----- EXERCISE INPUT

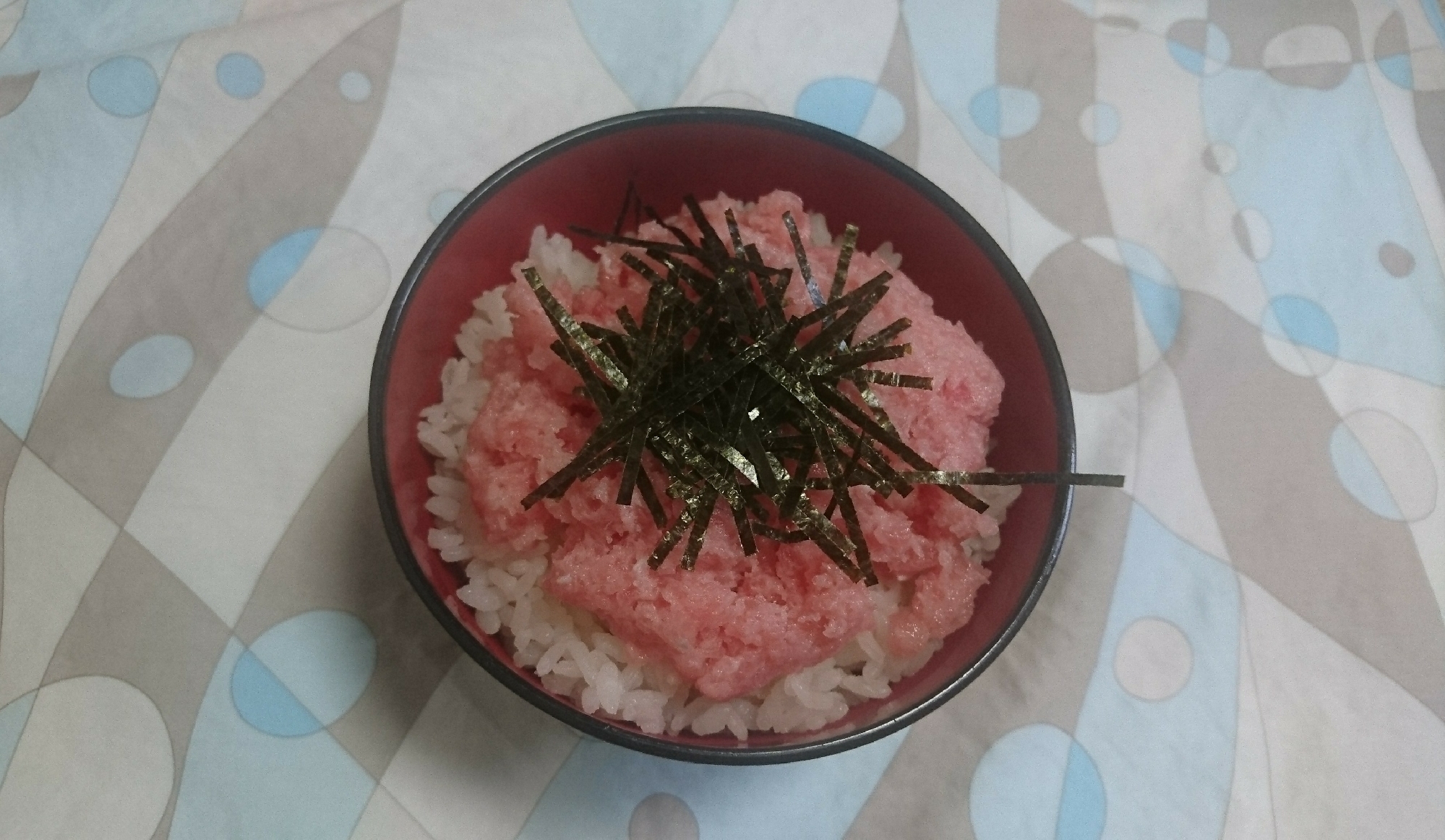 まぐろの叩き丼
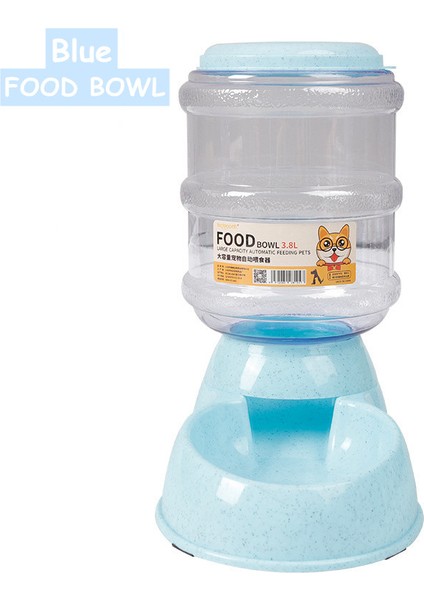 Mavi Yemek Kasesi Stili Moda Ev Evcil Hayvan Bakımı Köpek Evcil Hayvan 3.75L Büyük Kapasiteli Otomatik Içme Suyu Kapları Evcil Hayvan Malzemeleri Köpek Der (Yurt Dışından)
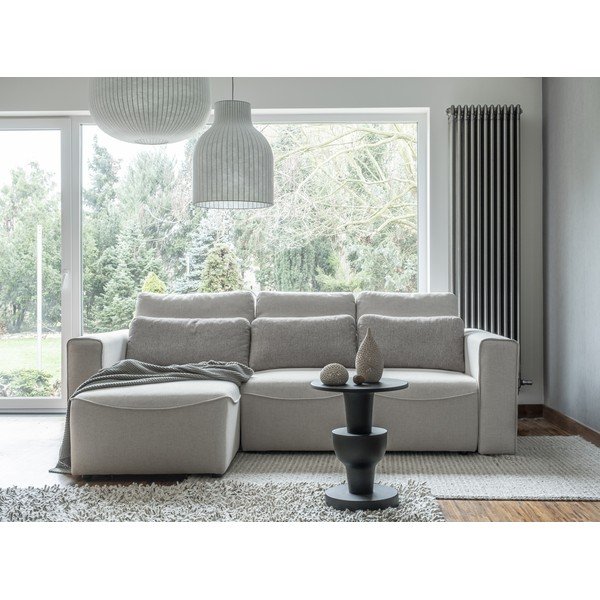 Kremno bel raztegljiv kotni kavč (obojestranski) Homely Tommy - Miuform-image-1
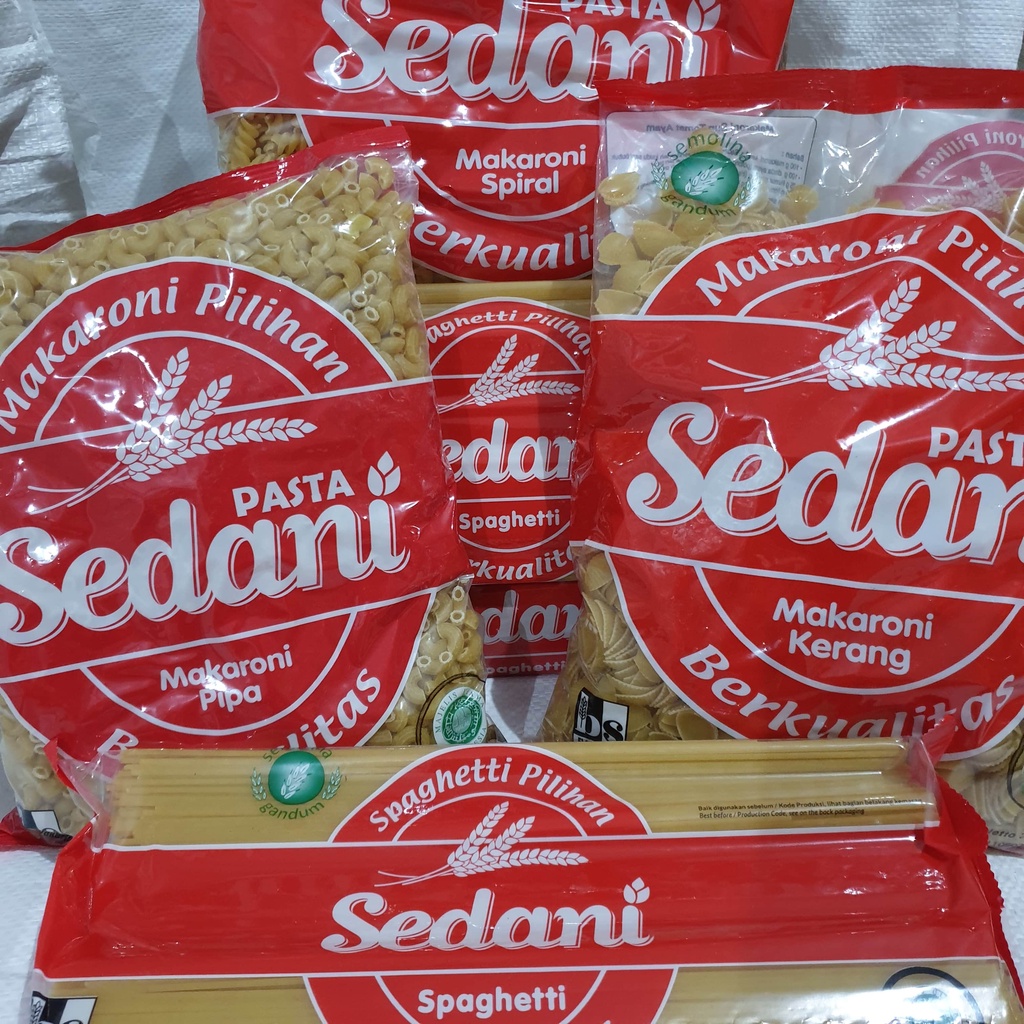 [Pcs] Makaroni Pasta Sedani Spiral Pipa Kerang Spaghetti - Sed*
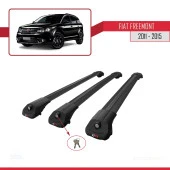 Fiat Freemont 2011-2015 Arası ile uyumlu ACE-1 Ara Atkı Tavan Barı SİYAH 3 ADET BAR - 4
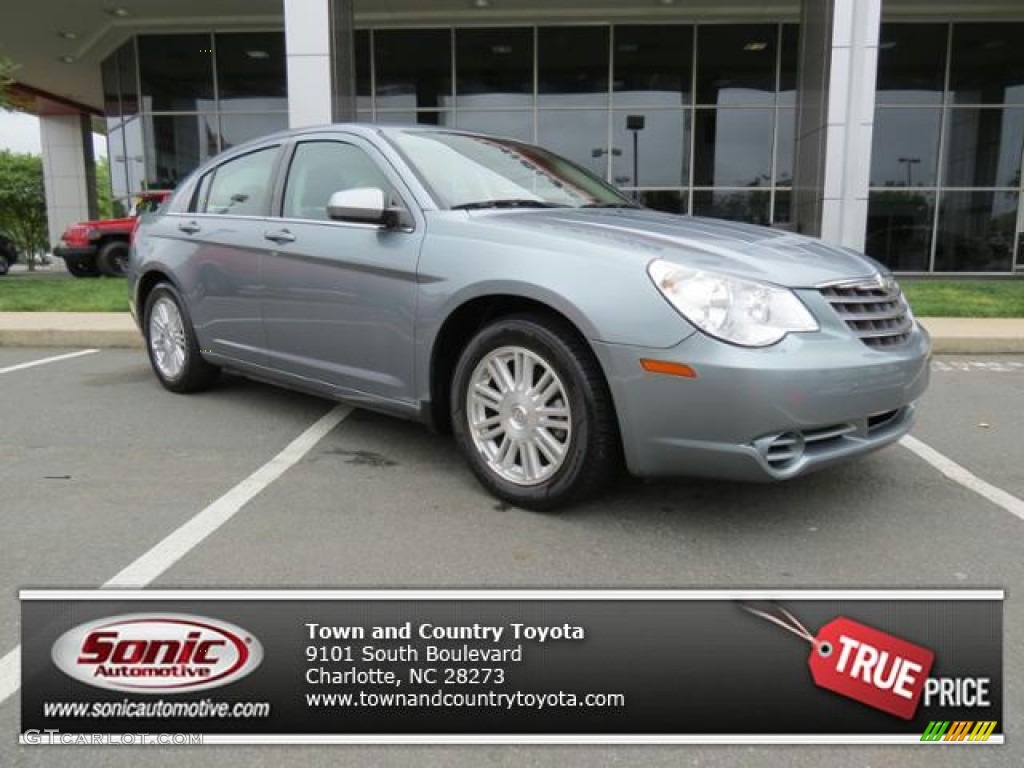 2009 Sebring Touring Sedan - Steel Silver Metallic / Dark Slate Gray photo #1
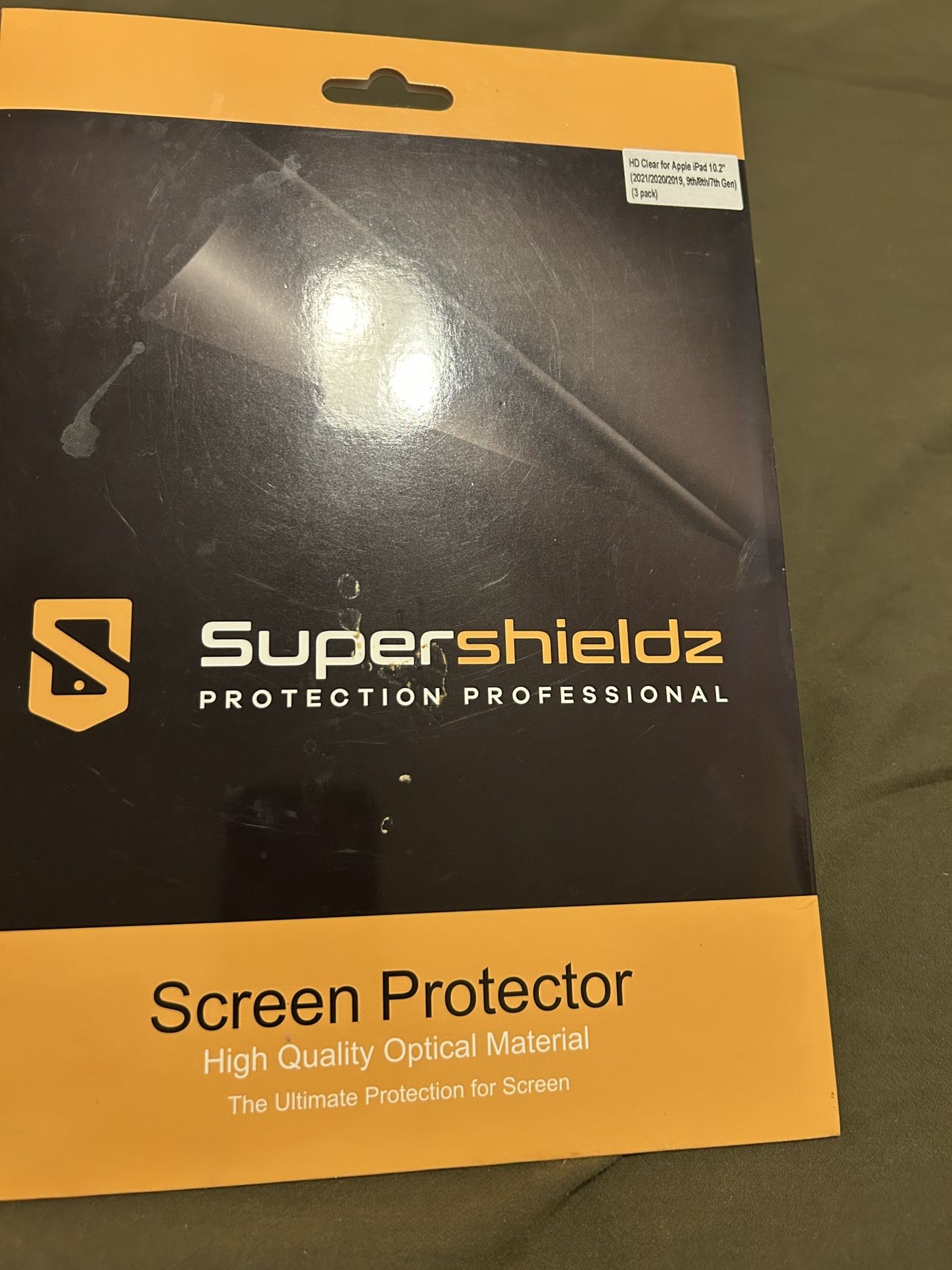 iPad 10.2 9th,8th,7th Gen Screen Protector 3pack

----------

## WHAT TO WORK ON
Can you retype every record above exactly, leaving out the pictures?

## WRITTEN SOLUTION
 まぐろの叩き丼
 Mavi Yemek Kasesi Stili Moda Ev Evcil Hayvan Bakımı Köpek Evcil Hayvan 3.75L Büyük Kapasiteli Otomatik Içme Suyu Kapları Evcil Hayvan Malzemeleri Köpek Der (Yurt Dışından)
 Kremno bel raztegljiv kotni kavč (obojestranski) Homely Tommy - Miuform-image-1
 [Pcs] Makaroni Pasta Sedani Spiral Pipa Kerang Spaghetti - Sed*
 Fiat Freemont 2011-2015 Arası ile uyumlu ACE-1 Ara Atkı Tavan Barı SİYAH 3 ADET BAR - 4
 2009 Sebring Touring Sedan - Steel Silver Metallic / Dark Slate Gray photo #1
 iPad 10.2 9th,8th,7th Gen Screen Protector 3pack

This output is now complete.